Two separate studies published today in Cell Host & Microbe have found that myalgic encephalomyelitis/chronic fatigue syndrome (ME/CFS) is associated with reduced levels of microbes known to produce the fatty acid butyrate in the gastrointestinal microbiome. The researchers say this finding could partly explain how the immune system becomes disrupted in people suffering from ME/CFS.
“It’s important to note that this research shows correlation, not causation, between these microbiome changes and ME/CFS,” said Julia Oh, an associate professor at the Jackson Laboratory and senior author of one of the two papers. “But these findings are the prelude to many other mechanistic experiments that we hope to do to understand more about ME/CFS and its underlying causes.”
Brent Williams assistant professor at Columbia University and senior author of the second paper noted “This research demonstrates that there are robust bacterial signatures of gut dysbiosis in individuals with ME/CFS. It helps to expand on this growing field of research by pinpointing the structural and functional disturbances in the microbiome in a chronic disease that affects the quality of life of millions of people.”

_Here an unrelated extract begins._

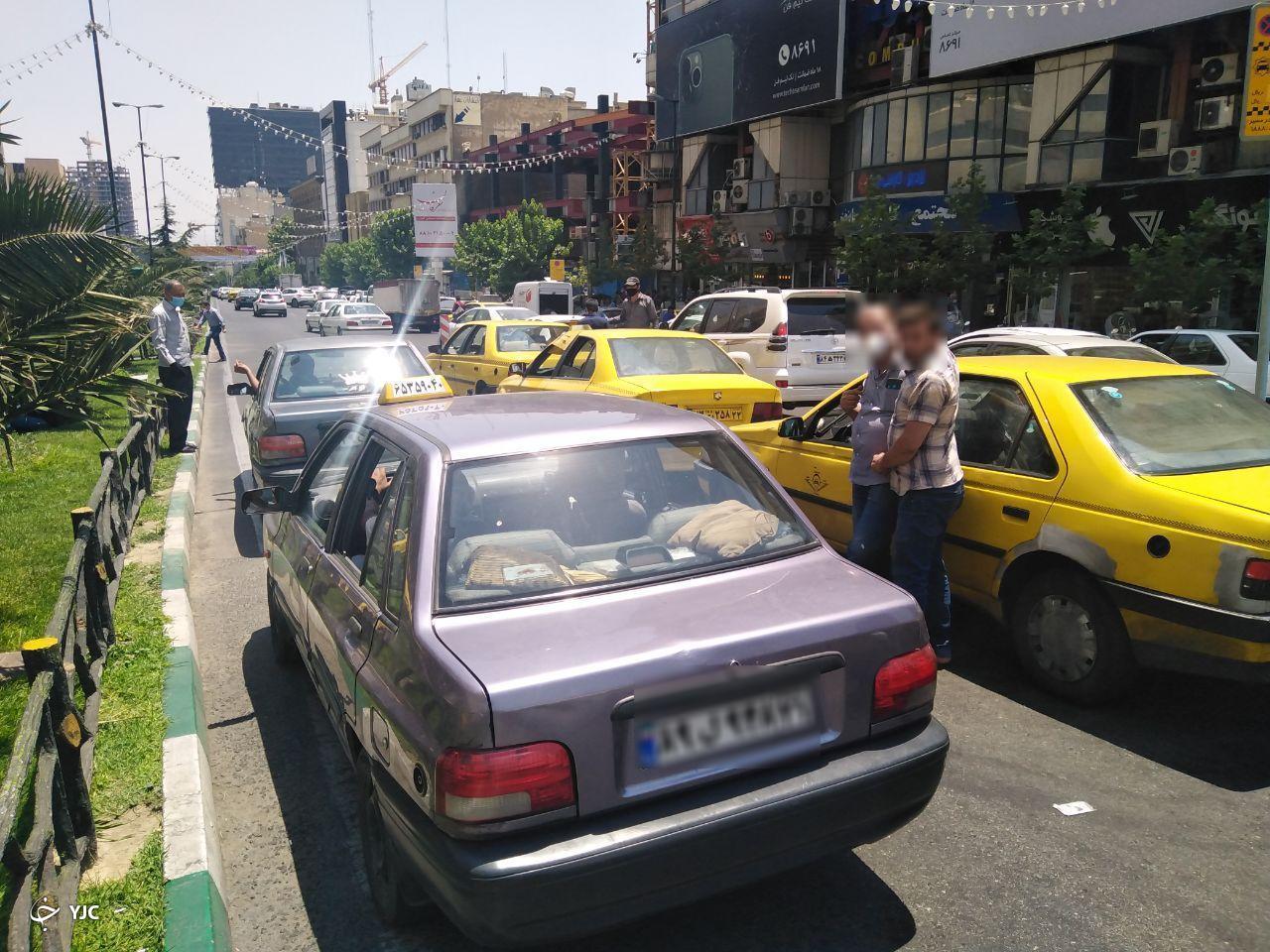 کرونا هم مانع مسافرکشی خودرو‌های پلاک شهرستان در پایتخت نشد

ME/CFS is a chronic, complex, and systemic disease associated with neurological, immunological, autonomic, and energy metabolism dysfunctions, whose causes have remained elusive. The disease has been difficult to study as it tends to be heterogenous and people with ME/CFS present was a range of different symptoms. However, the has recently emerged as a potential contributor to ME/CFS.

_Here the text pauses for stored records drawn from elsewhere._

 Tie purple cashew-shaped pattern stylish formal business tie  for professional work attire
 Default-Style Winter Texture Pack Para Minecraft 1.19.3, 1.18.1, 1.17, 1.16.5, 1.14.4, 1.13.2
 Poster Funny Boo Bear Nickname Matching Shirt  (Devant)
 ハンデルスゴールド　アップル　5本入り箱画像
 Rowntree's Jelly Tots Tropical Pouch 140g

In Oh’s study, the team used shotgun metagenomics to compare microbiome samples from 74 people with both short-term ME/CFS, defined as those diagnosed in the previous four years, and 75 long-term ME/CFS patients—those with symptoms for more than 10 years. The study also included 79 age- and sex-matched healthy controls.
Analysis fond that patients with short-term disease had a number of changes to the diversity of their microbiomes, notably a depletion of microbes known to be butyrate producers. Butyrate helps protecting the integrity of the gut barrier and is also plays an important role in modulating the immune system.
By comparison, long-term ME/CFS patients had gut microbiomes that had reestablished and were more similar to the healthy controls. However, those participants had accumulated a number of changes in the metabolites in their blood plasma, including many of those related to the immune system. They also had differences in levels of certain types of immune cells compared with the healthy controls.
Oh added that future studies will focus on further subdividing patients by the features of their disease, including those with conditions frequently associated with ME/CFS such as irritable bowel syndrome and neuroinflammatory disorders. “This will help us pinpoint specific microbial and metabolomic factors that are associated with this disease,” she said.
The Columbia research led by Williams also used shotgun metagenomic sequencing to look at the microbiomes of 106 people with ME/CFS and 91 healthy controls that were matched for age, sex, geography, and socioeconomic status. This study recruited patients from five different sites across the US, to help control for microbiome differences that may be present in different geographic regions. The study also looked at levels of microbial species in the stool.
This study found significant relationships between the severity of fatigue symptoms and levels of specific species of gut bacteria, in particular a specific butyrate-producing bacterium called Faecalibacterium prausnitzii. It also revealed a higher overall load of bacteria in the stool and disturbances in the interactions among bacterial species in patients with ME/CFS.
“While these findings don’t unequivocally demonstrate causative relationships between disturbances in the microbiome and symptoms, these microbiome-symptom relationships present potentially actionable, manipulatable targets for future therapeutic trials,” Williams noted. “These trials could perhaps focus on dietary, probiotic, prebiotic, or synbiotic interventions and could provide direct evidence that gut bacteria influence chronic symptom presentation.”